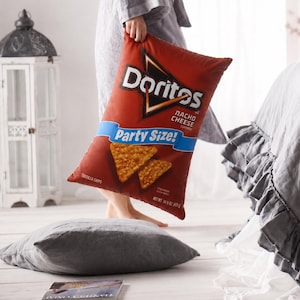 Könnte beinhalten: Ein rotes Kissen in Form einer Tüte Doritos Nacho Cheese Tortilla Chips. Das Kissen hat das Doritos-Logo und den Schriftzug "Party Size!". Eine Person in einem grauen Bademantel hält das Kissen.
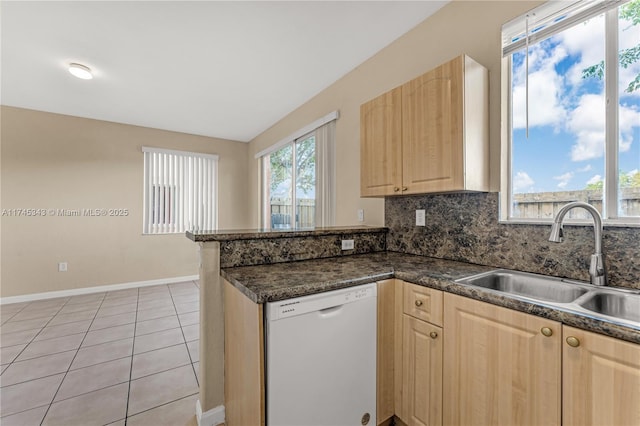 kitchen with light tile patterned flooring, light brown cabinetry, sink, white dishwasher, and kitchen peninsula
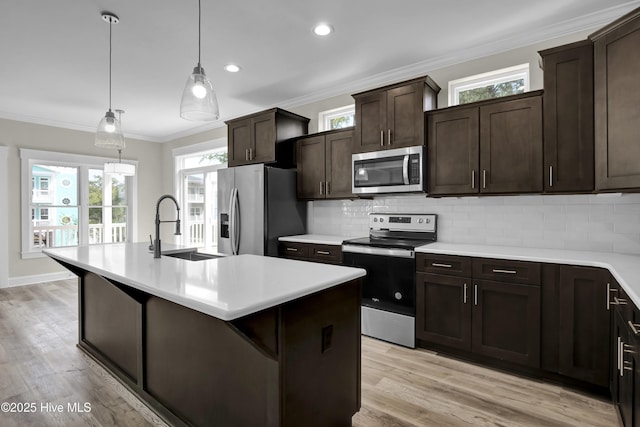 101 SE 68th St, Oak Island, NC 28465 - kitchen featuring light countertops, tasteful backsplash, appliances with stainless steel finishes, and a sink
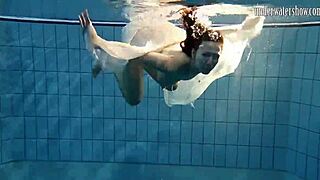 Dark haired teen Andrea floats in pool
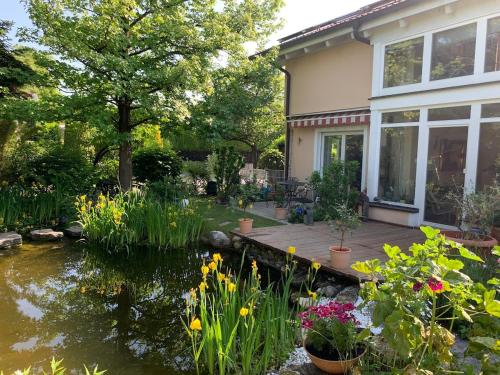 a backyard with a pond and a house at Auszeit - Wohnung mit Garten und Bergblick in Bad Aibling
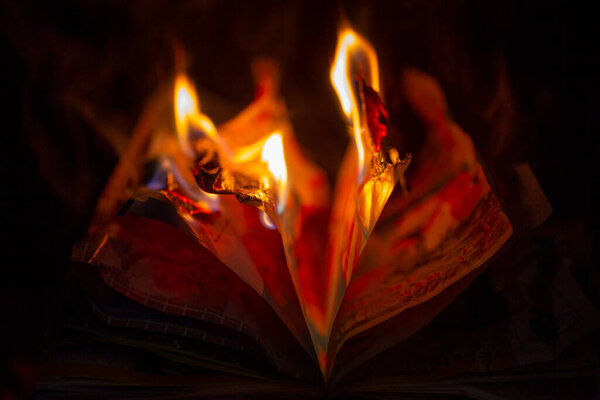 an old book burning in the fireplace, a fire in the fireplace
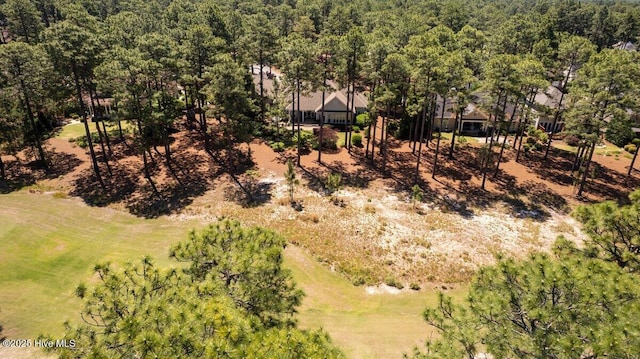 aerial view of property and surrounding area with a heavily wooded area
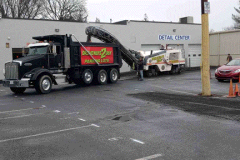Asphalt milling in progress on commercial parking lot in Frederick, MD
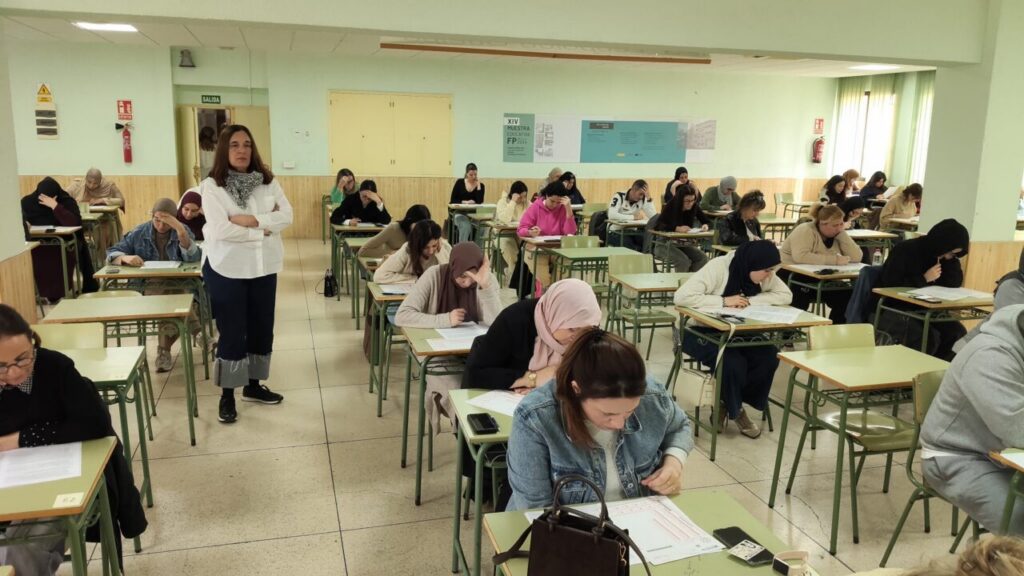 Estudiantes realizando exámenes en un aula durante oposiciones de sanidad pública en Melilla.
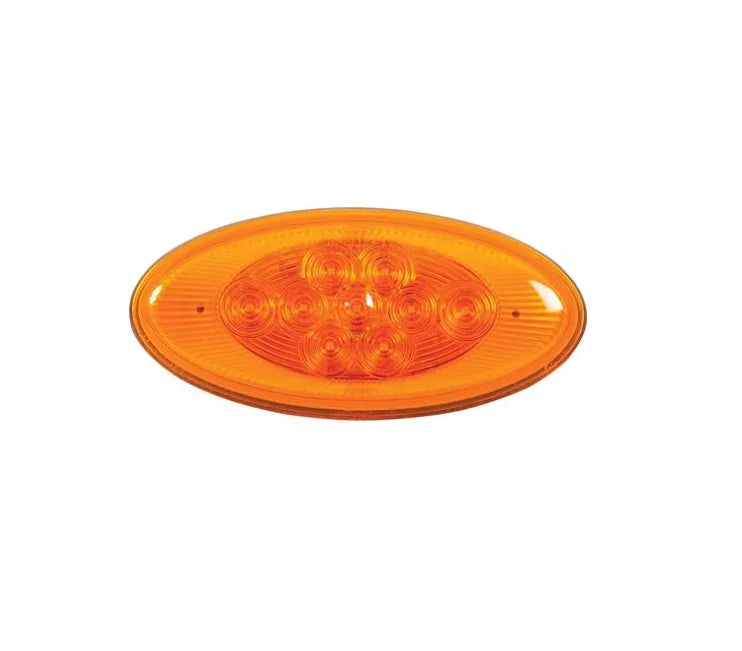 Oval amber LED truck marker light with clear lens on white background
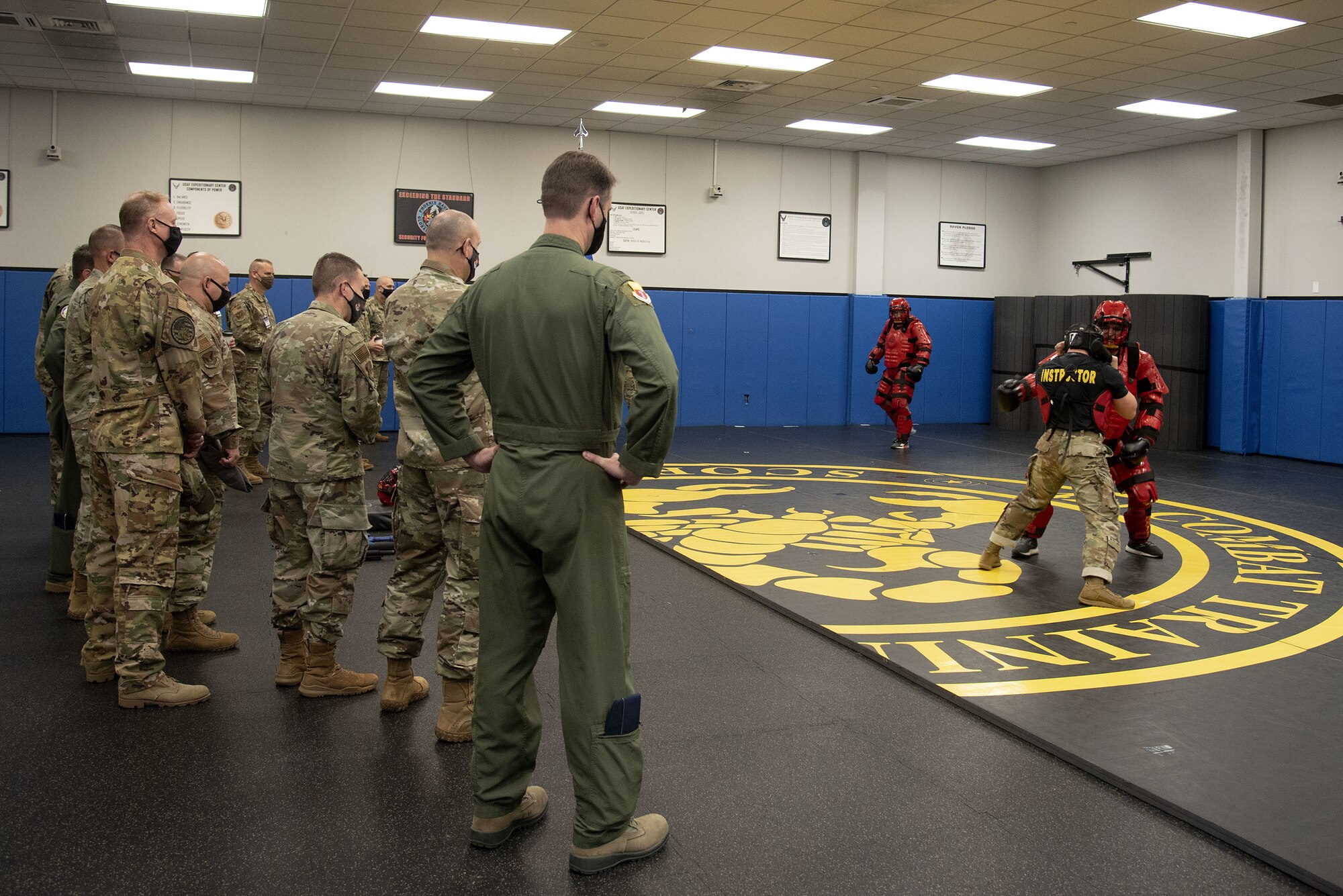 Phoenix Raven Qualification Course instructors assigned to the 421st Combat Training Squadron demonstrate how to neutralize a threat to Total Force Mobility Air Forces leadership during Total Force Phoenix Rally, April 21, 2021, at the U.S. Air Force Expeditionary Center headquarters on Joint Base McGuire-Dix-Lakehurst, New Jersey. U.S. Air Force Expeditionary Operations School instructors were given the opportunity to highlight how they contribute to AMC at its mission. (U.S. Air Force photo by Master Sgt. Ashley Hyatt)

#### [PROBLEM]
After locating "kitchen with light" and "Dark haired teen Andrea floats in pool" in the records above, return exactly the line holding each one and every line between them; leave out the pictures.

#### [PROBLEM SOLUTION]
 kitchen with light tile patterned flooring, light brown cabinetry, sink, white dishwasher, and kitchen peninsula
 101 SE 68th St, Oak Island, NC 28465 - kitchen featuring light countertops, tasteful backsplash, appliances with stainless steel finishes, and a sink
 Dark haired teen Andrea floats in pool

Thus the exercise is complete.